Q&A: Surgeon General on omicron, masks and mental health
WASHINGTON (AP) — U.S. Surgeon General Vivek Murthy says he can imagine a future where Americans don’t have to contend with mask requirements. But pulling back safeguards too quickly, Murthy warns, risks more avoidable suffering, especially for people with weakened immune systems or other vulnerabilities.
In an interview this week with The Associated Press, Murthy also shared his concerns about the pandemic’s impact on the mental wellbeing of youth. He’s the father of two young children. Growing up, he witnessed the toll of unresolved mental health problems.
Some of Murthy’s comments:
A FUTURE WITHOUT MASKS
“I can imagine that future. I can’t tell you if it’s coming in a couple of months or in six months or in 12 months.
“What I can tell you is that to live that future, we are going to need the tools that we’ve been building over the last year. We’re going to need readily available vaccines and therapeutics ... we’re going to need those freely available high-quality masks and tests, and we’re going to also need the right mindset recognizing that COVID is not going to disappear overnight.
“We may see waves of old or new variants, but if we have these tools, if we’re using them well, particularly our vaccines and boosters, we can protect the vast majority of people from hospitalizations and deaths.”
EBB AND FLOW OF THE PANDEMIC
“The pandemic is not over today. We are still seeing record numbers of hospitalizations, deaths, and cases in this country.
“I think that as the pandemic gets better, we should be pulling back on restrictions. The conversation now is about what should determine when that happens.
“It’s likely going to be some combination of the hospitalization rate or hospital capacity itself, which is about health care staffing, about the death rate, and also just about where we’re going in terms of cases.”
“We also have to have a clear plan for protecting those who are more vulnerable. And we know that there are people in our community, particularly those who are immunocompromised, who may continue to be at higher risk.”
AN INFRASTRUCTURE FOR YOUTH MENTAL HEALTH
“I come at this issue of youth mental health, not just as a surgeon general or as a doctor, but first and foremost as a parent.
“How do I make sure that my kids have a foundation for good physical and mental health going forward?
“You can’t necessarily legislate your way out of stigma ... but where Congress can make a big difference is in focusing on expanding access to treatment, making sure that we are integrating primary care with mental health services, and we’re expanding our pipeline for ... mental health professionals.”

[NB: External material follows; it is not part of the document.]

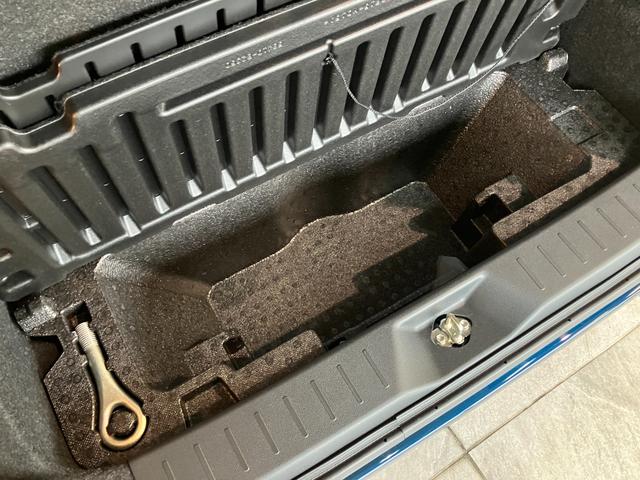 ムーヴＸリミテッド２　ＳＡ３　フルセグナビ　バックカメラ衝突被害軽減ブレーキ　フルセグナビ　ＤＶＤ再生　Ｂｌｕｅｔｏｏｔｈ　ＵＳＢ　Ｂカメラ　ＥＴＣ　シートヒーター　ＬＥＤ　オートライト　オートエアコン　スマートキー　エコアイドル　タイヤ４本新品交換済み（滋賀県）の中古車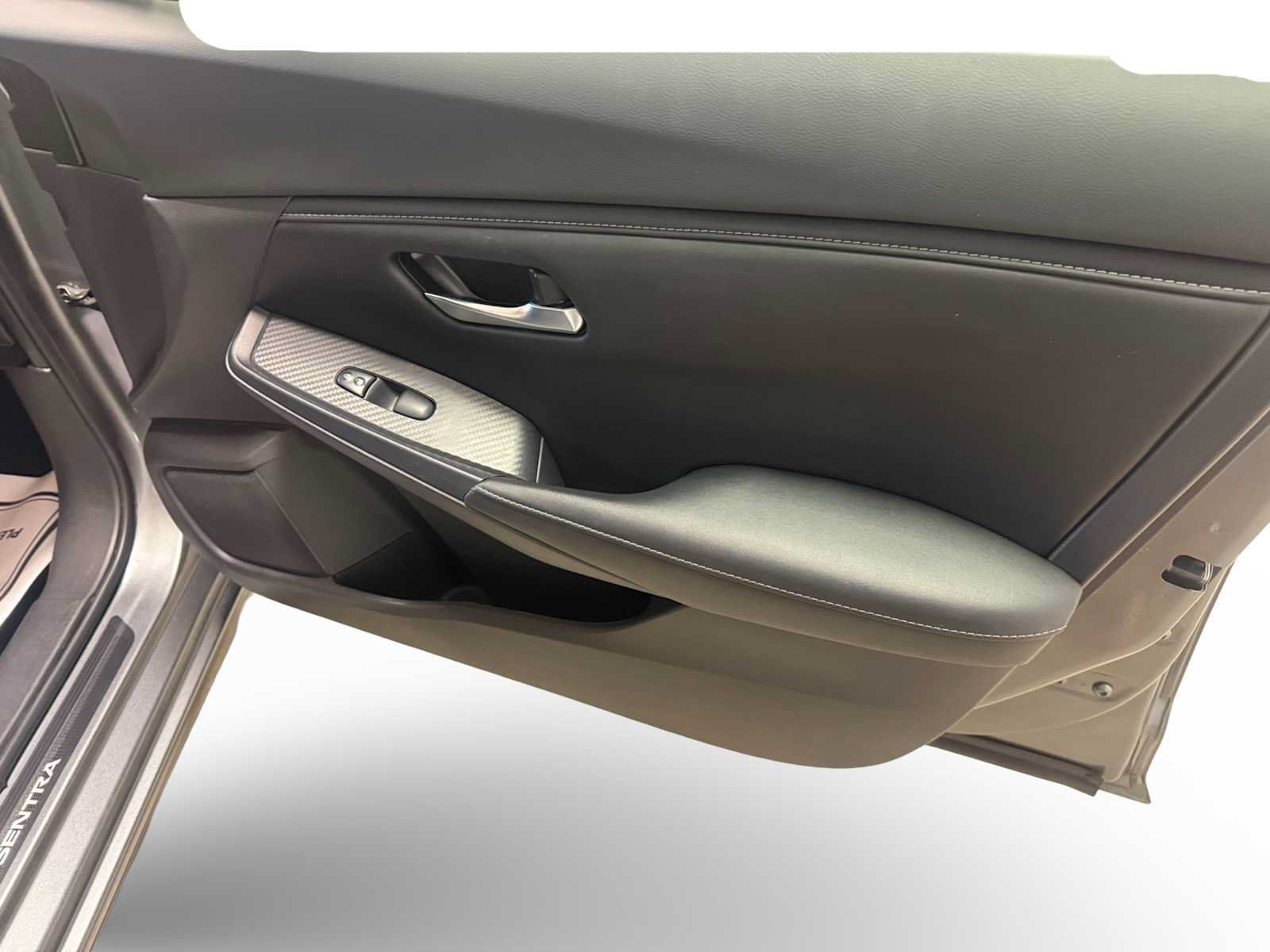 Used 2022 Nissan Sentra SV FWD image 28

MENTAL HEALTH CARE IN BLACK AND BROWN COMMUNITIES
“Right now, only 2% of the 41,000 psychiatrists in our country are Black ... which is just a reflection of the lack of diversity we have in our mental health workforce and that has direct implications for providing care.”
“We do not have adequate representation in the workforce when it comes to communities of color.”
“We may come in different flavors and maybe different words are used to describe mental illness, but there’s this stigma that makes people feel ashamed.
“When I was in high school, we had an uncle who lived close by to us, who was struggling with depression and we didn’t know it. We found that he had taken his life and I still remember just how that shook me.
“People who are struggling with mental illness who are people of color are often less likely to go and seek out help.”
A SENSE OF HOPE
“What gives me hope is actually our experience with the COVID-19 vaccination effort in equity.
“There was a gap in the very beginning. We saw that Latino and Black communities and Native American communities were less likely to be vaccinated.
“But then we worked as hard as we could to close that gap with the help of trusted messengers, increasing access points and doing everything we could.
“We’ve got to bring that same focus, that same accountability to closing the equity gap when it comes to mental health.”